Justice (Story by Risa Peris)

He was very athletic and studious but he had little regard for others. His father was a federal prosecutor and would brag at the dinner table how many years in prison he got so and so. Judge, as the teenager was named, loved these stories and vowed one day he would be a prosecutor and ask for the harshest of sentences. There was something calming about putting others away regardless of their crime, story, or background.

Judge, one summer in Annapolis, hung out with his friends and they focused on weight lifting and running sprints. At night, there were usually parties and he drank lots of beers. He chugged them through holes poked in the tin. There were girls at the parties and Judge followed one, in particular. She had silky chocolate colored hair and astonishing blue eyes. She didn’t drink and fluttered around the parties like a rare butterfly.

Judge corned her in the bathroom at one party and raped her. She kept yelling stop but Judge was drunk and besides, he was owed what he wanted. He was a prosecutor’s son. His mother was a Southern beauty queen from Georgia. He was owed what he believed he was owed.

A week later the police came. His father told him not to talk. His father hired an investigator who investigated and tracked the girl.
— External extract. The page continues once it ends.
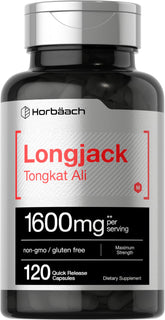 Horbaach Longjack Tongkat Ali 1600mg bottle with 120 capsules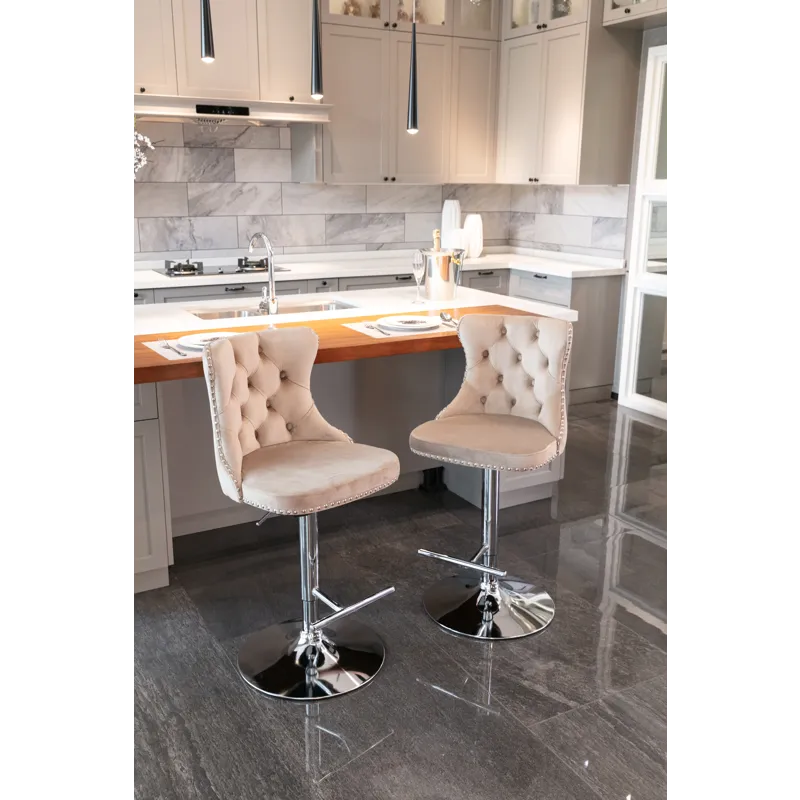 Swivel Velvet Barstools Adjusatble Seat Height From 25-33\", Modern Upholstered Chrome Base Bar Stoo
She showed up at lots of parties and was not known to be a virgin.

“She’s a tramp.” The investigator was burly, balding, and seemed to say everything with a sneer.

Judge’s father knew his son would be absolved of the crime. In fact, the case went no farther than a cursory interview with his son who said the sex was consensual.

The girl, of less high social status, admitted through tears that perhaps she was wrong. The girl remembered the incident always and fell into endless bottles of vodka and chaotic relationships.

At 43, she claimed rape again, only Judge was now a Congressman. This was not a path to wellness but a last push before the breast cancer killed her. She had nothing to lose and so Judge defended himself and the girl, now woman was dragged through dirt and mire.

She died as Judge won a second term and the woman died. This is how the story came to me. And now I must make her story known. But Judge was a political darling. Her life and death would never be vindicated.

“What do you want?” asked the journalist of the woman.

“Justice.”
Justice comes slow and sometimes not at all. The journalist reminded the woman of this on her last day of living.